Teilhard de Chardin, il pensatore gesuita che si era già chiesto un secolo fa in che modo l’espansione di specie fosse parte di un’architettura più grande, partì dai suoi studi di paleontologia per consegnare la suggestiva visione di un mondo in convergenza evolutiva, che diventa gradualmente più cosciente e complesso, dalla biosfera fino alla noosfera, ambito del pensiero, e che pervade l’intero pianeta. Quale allora la via in cui l’umanità possa cooperare con questa visione non a immagine e somiglianza dell’uomo, ma di un cosmo dalla tecnologia sopraffina, divina, per facilitarne la realizzazione ed il compimento?

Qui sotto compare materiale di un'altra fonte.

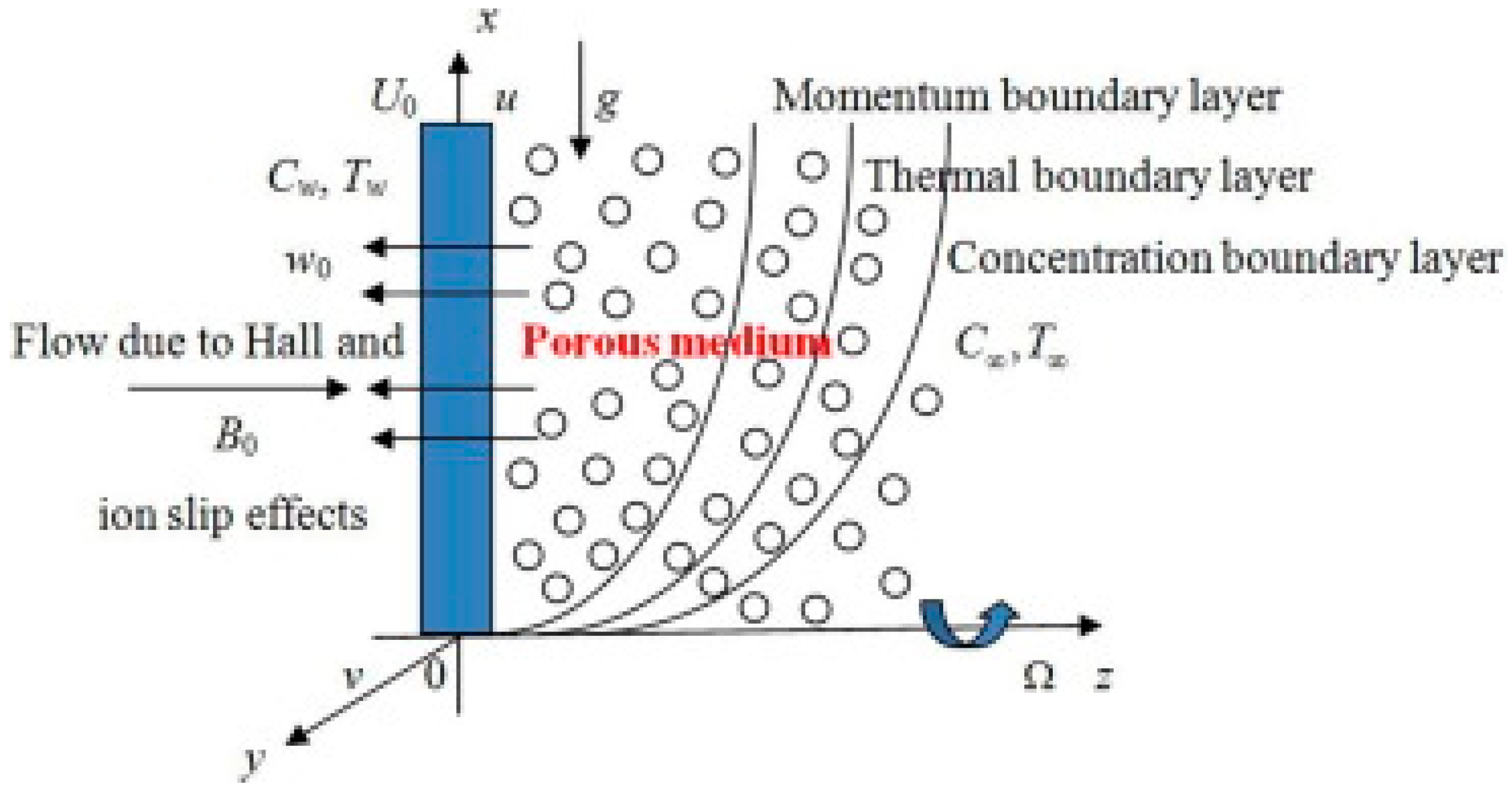 Micromachines 13 01566 g001 550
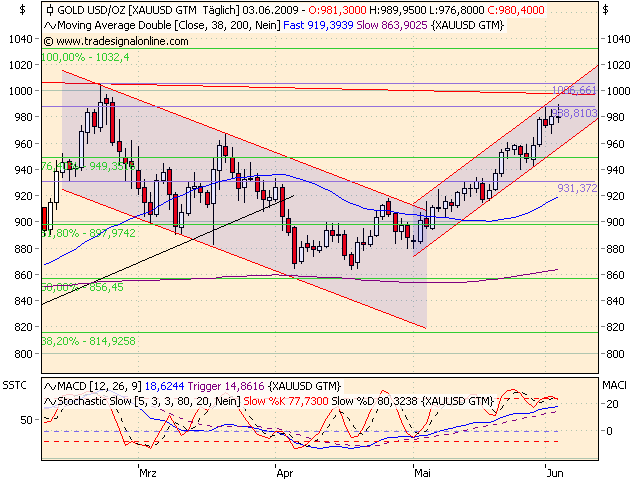 Gold und Silber lieb ich sehr 236549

Quel che da tempo sta emergendo, nota Murray Stein (The Principle of Individuation. Toward the Development of Human Consciousness, 2006), è una coscienza ecologica collettiva che riecheggia i miti della Grande Madre. Non però nel senso di una regressione culturale a uno stato pre-tecnologico di identità con un mondo splendente di immagini edeniche; è, invece, un movimento che può portare avanti la coscienza verso l’identificazione dell’umano come coessenziale alla rete che forma l’unità planetaria costituita da un’incredibile biodiversità. La differenziazione (separatio) dalla natura che è stata raggiunta in millenni di evoluzione sarebbe ora sostituita, o, per meglio dire, sarebbe accresciuta, da un nuovo livello di unione (coniunctio) […]. Questo potrebbe motivare gli esseri umani a usare la tecnologia in modo nuovo (p. 139) fin forse a rinvenire, oltre la coltre terribile e minacciosa dell’apocalisse, una restaurazione (apokatastàseos) e una rinascita.